Powiem tak, bark mi tej konsekwencji czasami. Miałam dbać o bloga i wpisy robić przynajmniej raz w tygodniu. Jak wyszło każdy widzi. Z czego to wynika? No przede wszystkim z tego baraku samozaparcia. Żeby czasem mimo zmęczenia usiąść wieczorem do komputera. Tylko, że ta myśl o kolejnej nieprzespanej nocy sprawia, że jednak nie siadam...Słaba jestem no... Widzicie pół roku minęło i noce dalej nieprzespane eh...
Ja podziwiam wszystkie mamy i te młode i te które mają 2 lub więcej pociech. Wielki szacunek. Naprawdę. Jak wy to robicie? Mi chyba po prostu brak dyscypliny...
Dziękuję Wam, którzy tu dalej zaglądacie. Postaram się o poprawę. Wiosenne migawki z salonu a jutro odniosę się do pewnego wpisu z przeszłości ;)
Do posłuchania piosenka, która baardzo lubię :)
9 komentarzy:
Jakie piękne to pierwsze zdjęcie!!!!!
Pozdrowionka
Uwielbiam forsycje, pozdawiam.
E tam ...
czy to takie ważne, że się nie wyrabiasz, że jesteś niekonsekwentna czy też, że nie wiążesz końca z końcem?

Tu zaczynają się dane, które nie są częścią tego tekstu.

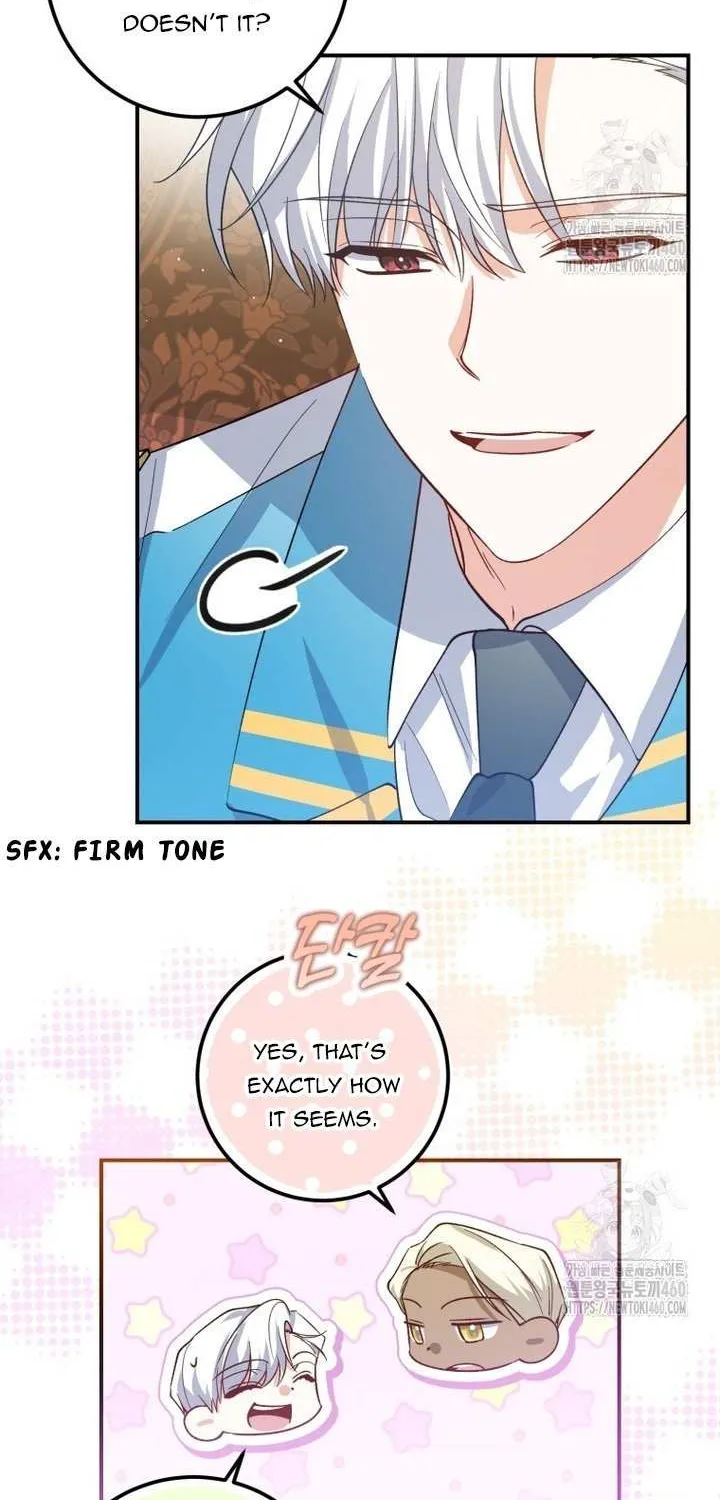 Dropping Ranks To Get Married Chapter 16 page 17 - 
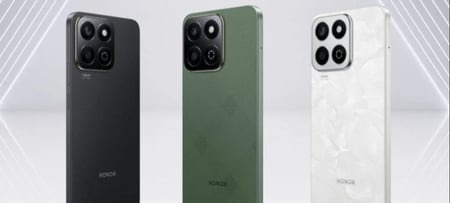 جوال هونر اكس 7 سي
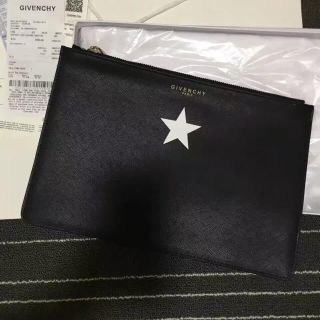 ジバンシィ GIVENCHY クラッチバッグ ピンク クラッチバッグ ユニ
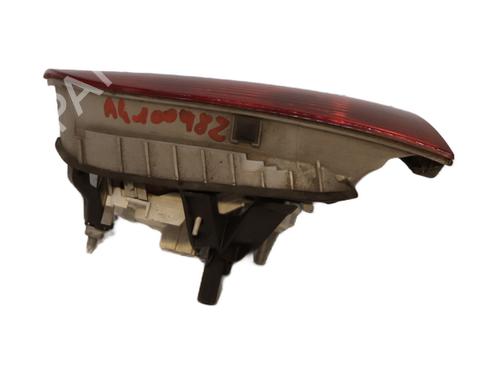 Used Left tailgate light Left tailgate light AUDI A4 B7 Avant (8ED) 2.0 TDI 16V (140 hp) 24959561 24959561
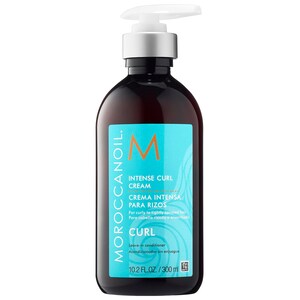 Крем для интенсивного завитков Moroccanoil Intense Curl Cream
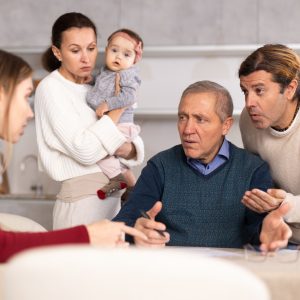 Erbengemeinschaft und Immobilien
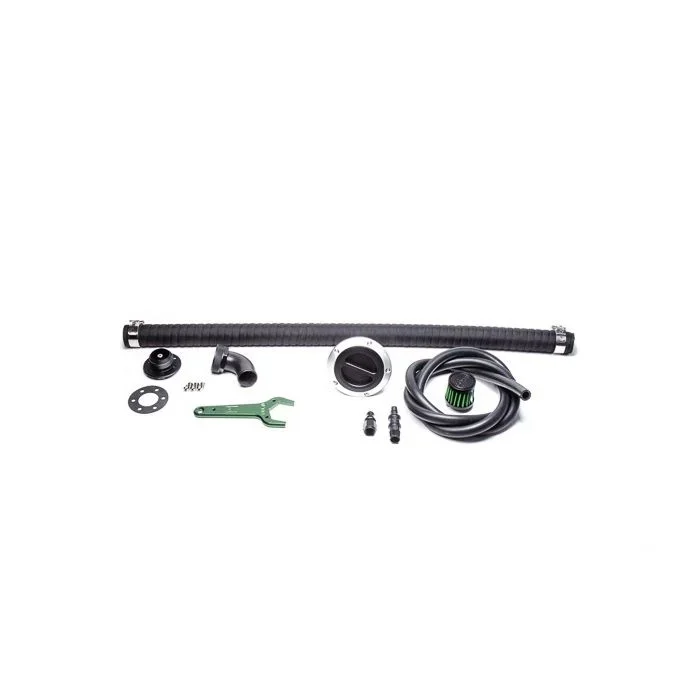 Radium Engineering Refueling Kit Remote Mount Standard Fill – 20-0815-22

Czy gdyby Ci się to byziaku udało byłabyś wtedy szczęśliwsza i bardziej spełniona?
Nie wydaje mi się ...
ciesz się chwilą,
żyj zwyczajnie bez pośpiechu, odpoczywaj kiedy chcesz i ile chcesz, i przede wszystkim wsłuchuj się w siebie.
Ty najlepiej wiesz co, gdzie i kiedy :)
pozdrawiam wiosennie bo dziś wiosna jest boska
13ka
Życzę ci zatem jak najwięcej przespanych nocy, byś tu jak najczęściej wracała! Pięknie wiosennie się u ciebie zrobiło dzięki tym roślinkom.
Pozdrawiam
Marta
świetne zdjęcia a i Moloko lubie badzo, szkoda tylko, że już osobno:))
Pozdrawiam
Eva, agaa - dzięki,
Marta - bardzo dziękuję i postaram się
13stko - widzisz ale je lubię siebie w wersji konsekwentna i zorganizowana... a pośpiechu jest aż za dużo... eh Z drugiej strony - dobrze, że siedzę w domu - mogę iść na spacer z małym gdy piękna pogoda :)
o kurczę :) Meble Bodzio się reklamują u Ciebie na blogu :P przykra sprawa ;)
moroszko - ale gdzie?
no teraz już nie, teraz się reklamuje coś innego - nad tym postem.